Mines D, Fireman B, Lee J, Go AS. Venlafaxine use was not associated with an increased risk of sudden cardiac death. Presented at the 23rd ICPE International Conference on Pharmacoepidemiology & Therapeutic Risk Management; August 2007. Quebec City, Canada. [abstract] Pharmacoepidemiol Drug Saf. 2007 Aug; 16(Suppl 2):S7.


Background: It has been suggested that venlafaxine, an antidepressant that inhibits reuptake of norepinephrine and serotonin, may increase the risk of serious cardiac arrhythmias, but no clinical study has been performed to test this hypothesis.

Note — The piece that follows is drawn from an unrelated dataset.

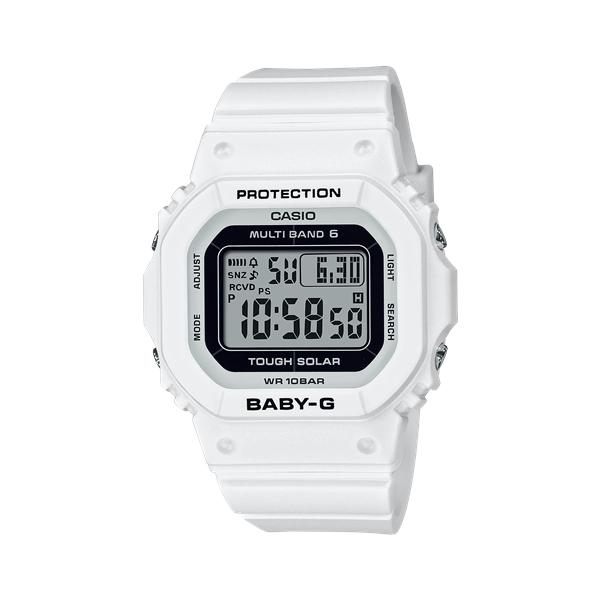 BABY-G 国内正規品 CASIO カシオ ベビーG スクエア 小型 電波ソーラー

Objectives: To evaluate the risk of sudden cardiac death (SCD) associated with use of venlafaxine (V) compared to use of the selective serotonin reuptake inhibitors (SSRIs) fluoxetine (F), paroxetine (P), or citalopram (C).

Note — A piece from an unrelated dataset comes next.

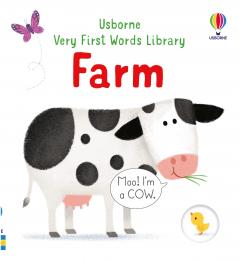 Very First Words Library: Farm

Methods: We performed a case-control study among adults enrolled in the Kaiser Permanente (N. California) health system who were diagnosed with depression or anxiety and who filled 1 prescription for V, F, P or C from 1995–2004. Cases were patients who (1) died out-of-hospital from acute myocardial infarction, ventricular arrhythmia, or coronary artery disease or (2) presented to a hospital with a life-threatening ventricular arrhythmia then either died or were resuscitated. Cases were found through review of death certificates and automated diagnosis records. We selected up to 20 controls per case, matched on age, sex, and calendar time. We used automated prescription data to determine drug exposure on the index date. The analysis compared current use of V to current use of the other study drugs. We used conditional logistic regression to calculate odds ratios, adjusting for coronary artery disease, congestive heart failure, psychiatric co-morbidity, and other diagnoses and drugs suspected to be associated with SCD.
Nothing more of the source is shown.